Everything in the listing below except the pictures should be reproduced exactly.

> **Data extract**
============================================================
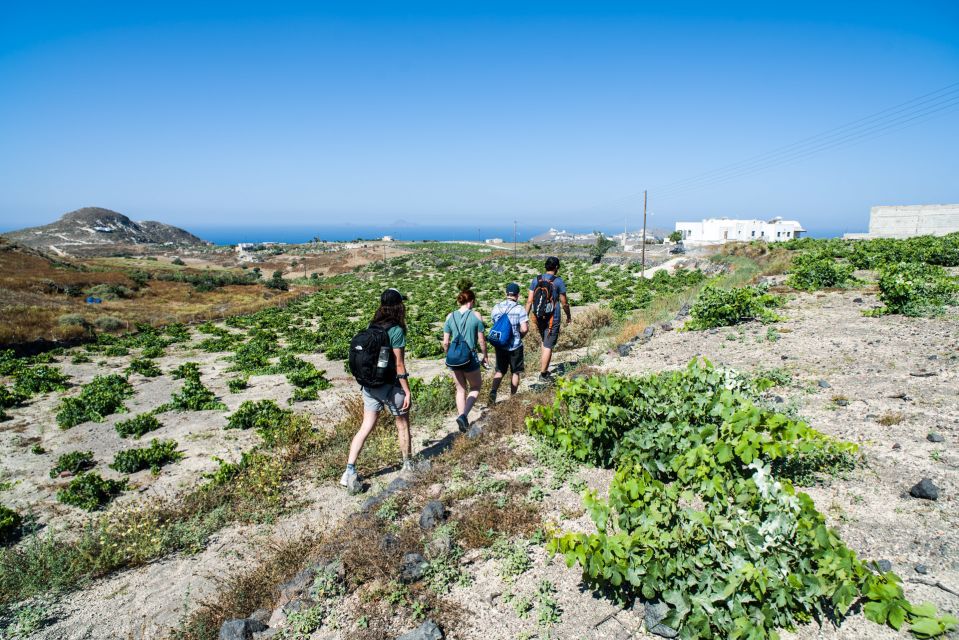 Santorini: Cooking Class and Easy Hike - Frequently Asked Questions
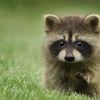 racoon_lover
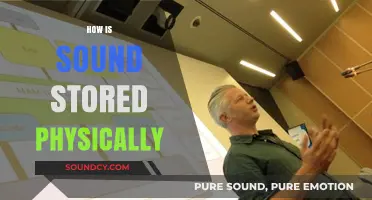 Exploring Physical Sound Storage: From Grooves to Digital Bits
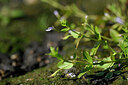 BUITEN BEELD Foto: 441039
============================================================
> **Answer**
 Santorini: Cooking Class and Easy Hike - Frequently Asked Questions
 racoon_lover
 Exploring Physical Sound Storage: From Grooves to Digital Bits
 BUITEN BEELD Foto: 441039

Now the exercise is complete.